Where Human Factors Can Eclipse Technology: Complexity, Privacy and Human Error

For all the escalating and intensifying digital challenges that cybersecurity professionals must constantly mitigate and navigate, perhaps the biggest security vulnerability of all is decidedly analog: Our own human fallibility.

“People get tired,” says Digital Big Bang author Phil Quade. “They make mistakes. They are poorly trained. People will continue to undermine the security of our systems, so we must actively and intelligently use machines to compensate for human limitations.”

It is a delicate balance between needs that often seem at odds with each other, and the negative and positive consequences of digital innovations.

“A defining attribute of our species is our unresolvable contradictions,” Quade notes. “We are intensely social, drawing together to form highly interconnected societies and systems. We also can be shockingly antagonistic and prone to conflict. Our finest minds have worked tirelessly for the benefits of humanity, but some of their work has been harnessed for greed and exploitation. This is certainly true of the digital universe.”

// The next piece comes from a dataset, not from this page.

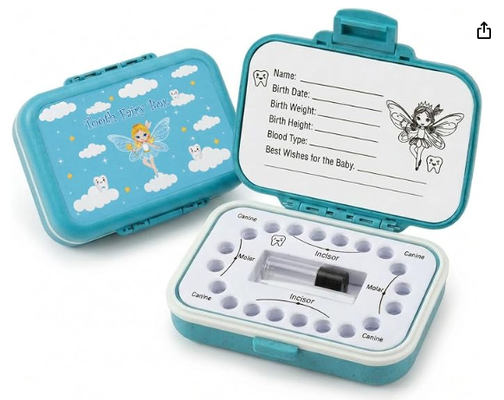 Tooth Fairy Box & Baby Tooth Keepsake Case for Kids- Natural Wheat Straw & PP Material, Easy-Write EVA Liner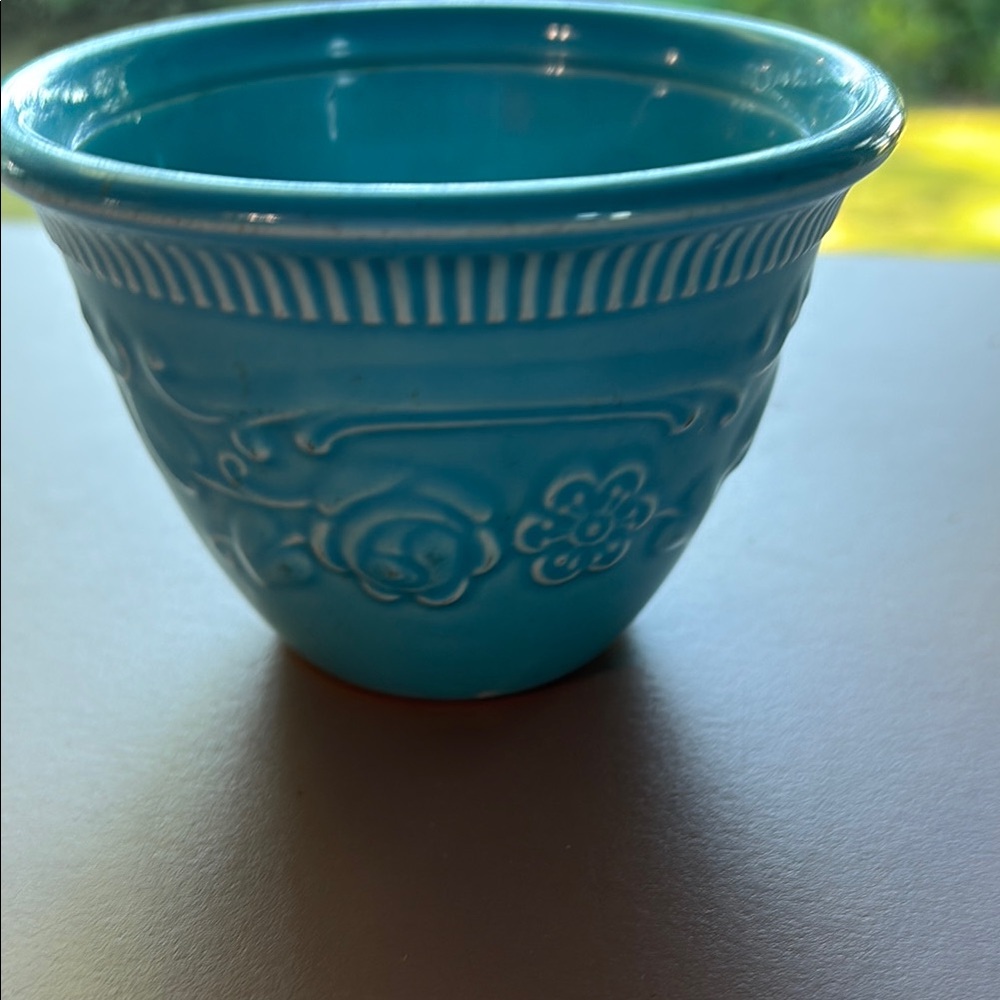 Taylor Smith Taylor Turquoise Embossed Ceramic Custard cup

The key to resolving these conflicts is to avoid dichotomies and false choices, such as between security and privacy. “Until we embrace the fact that it’s not security or privacy but both, sustainable higher order cybersecurity will not thrive,” Quade says.

Balancing these conflicts efficiently often starts with shifting the perspective.

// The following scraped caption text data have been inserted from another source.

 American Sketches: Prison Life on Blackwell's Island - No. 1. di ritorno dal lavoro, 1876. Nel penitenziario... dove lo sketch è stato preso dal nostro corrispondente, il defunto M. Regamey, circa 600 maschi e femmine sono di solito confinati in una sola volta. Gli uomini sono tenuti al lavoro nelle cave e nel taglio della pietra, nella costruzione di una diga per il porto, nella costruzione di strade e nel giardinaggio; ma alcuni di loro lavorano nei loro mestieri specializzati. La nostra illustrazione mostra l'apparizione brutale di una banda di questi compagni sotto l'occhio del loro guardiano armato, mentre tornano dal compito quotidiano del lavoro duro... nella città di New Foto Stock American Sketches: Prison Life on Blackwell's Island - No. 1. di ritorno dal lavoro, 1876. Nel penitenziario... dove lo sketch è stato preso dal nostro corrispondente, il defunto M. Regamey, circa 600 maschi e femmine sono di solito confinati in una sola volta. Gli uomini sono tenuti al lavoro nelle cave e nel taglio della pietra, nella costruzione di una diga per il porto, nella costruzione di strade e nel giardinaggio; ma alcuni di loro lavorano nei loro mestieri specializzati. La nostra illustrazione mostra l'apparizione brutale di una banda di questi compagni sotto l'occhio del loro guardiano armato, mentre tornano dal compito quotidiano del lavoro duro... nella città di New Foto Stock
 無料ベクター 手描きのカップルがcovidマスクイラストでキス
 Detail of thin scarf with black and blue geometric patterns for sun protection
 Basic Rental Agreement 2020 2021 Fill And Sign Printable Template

“Many organizations have focused on finding purely technical solutions,” says Michael Daniel of Cyber Threat Alliance. “They hope for a single technological tool that would solve the challenge and make the problem go away. But one tool is simply not going to do the job. It requires integrating approaches from a number of different disciplines in order to get at the problem, and moving out of the mindset that because this problem is being generated by the IT environment, the solution has to therefore come from IT. In other words, as a CIO or a CISO, you’re no longer just managing IT and security; you’re managing complexity.”

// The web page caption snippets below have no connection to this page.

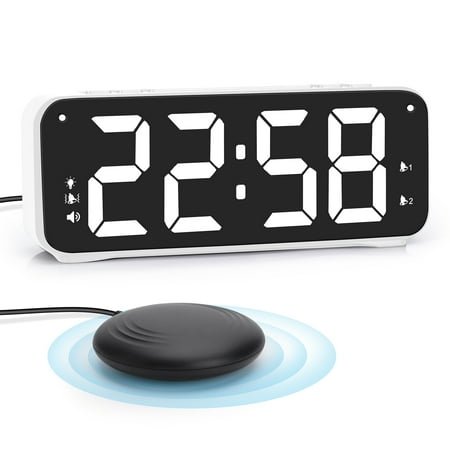 Vibrating Alarm Clock with Bed Shaker for Heavy Sleepers,Deaf,Hard of Hearing, Dual Alarm Clock,USB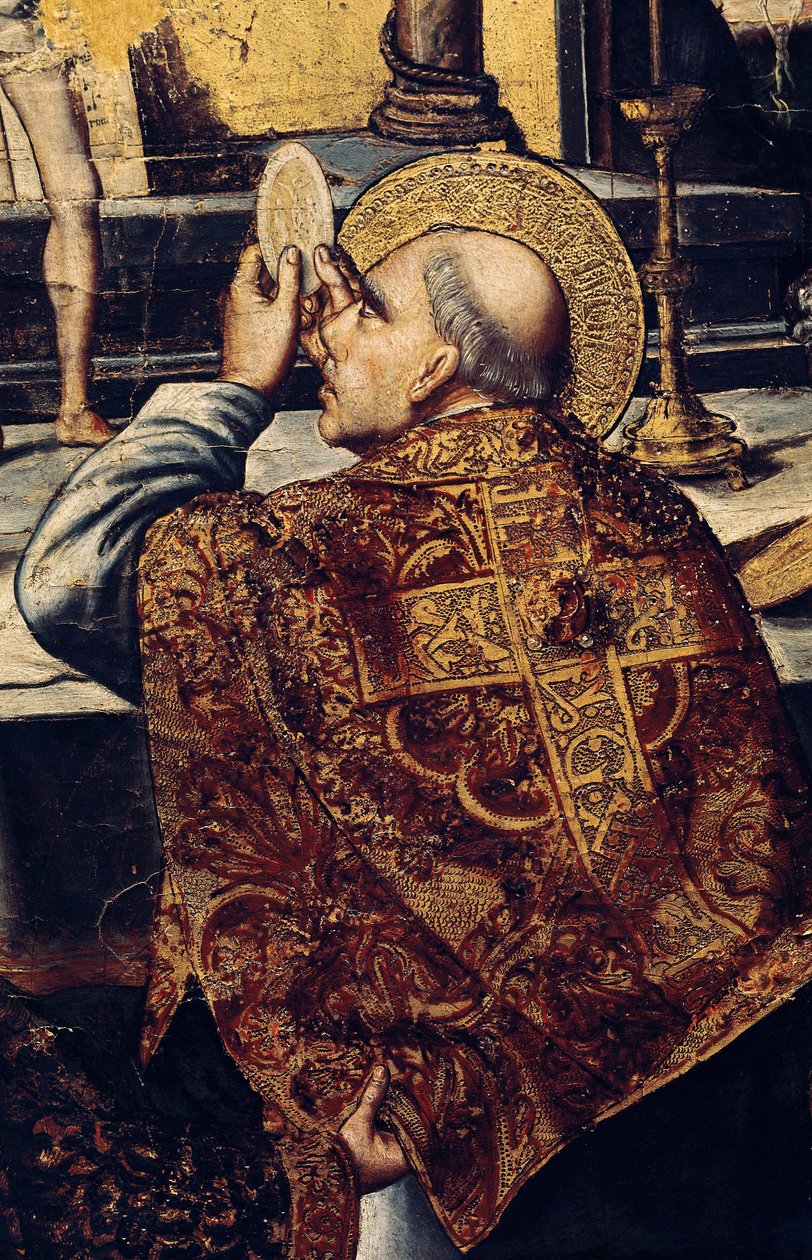 Az Eucharisztia (A szent feltámad, Krisztus testének keresztény jelképe). Részlet I. Gergely miséjének oltárképéről, akit a Nagy vagy Párbeszéd (540-604) pápának neveznek 590-ben. Pedro BERRUGUETE (1450-1504) festménye. Reneszánsz festészet, katal alkotó: Pedro Berruguete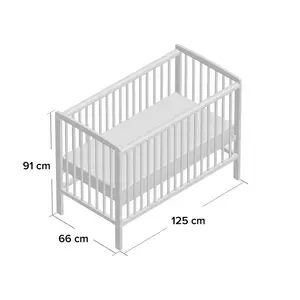 Sydney Cot with Mattress White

Managing this complexity takes on even greater significance when privacy issues arise, though. And when organizations fail to strike the proper balance, they risk creating a level of complexity that creates far more challenges—including shadow IT created by users finding workarounds to features they find invasive.

At the same time, intensifying regulations such as GDPR have implemented costly penalties for privacy violations.

“In the GDPR era, organizations must know what information they gather and why,” advises Kevin Miller of MGM Resorts International. “Information that was previously considered so benign as to be included on a business card is now covered data—a name, postal address, email, telephone number, and a photograph on an employee badge. To many modern digital businesses, data is considered the company’s most valuable asset. But now, data may also be considered a liability and even a risk. If you collect it, you must protect it.”

That scenario of internal workarounds and external regulations creates high stakes for many organizations. The solution may be addressing the human error directly.

“You can always apply technology solutions to a problem, but it only takes the least capable person in the room to ruin them for you, so you must also take a human approach,” says Kevin Kealy, formerly of Ingram Micro. “In my experience, education is one of the most cost-effective ways to secure your organization. I believe that people will generally do the right thing if appropriately educated. But even then, you still have to deal with human frailty.”

The solution? “Design for the human,” says Theresa Payton of Fortalice. “Use behavioral analytics and existing data to provide better security while making access to the resources they need to do their job as easy and seamless as possible.”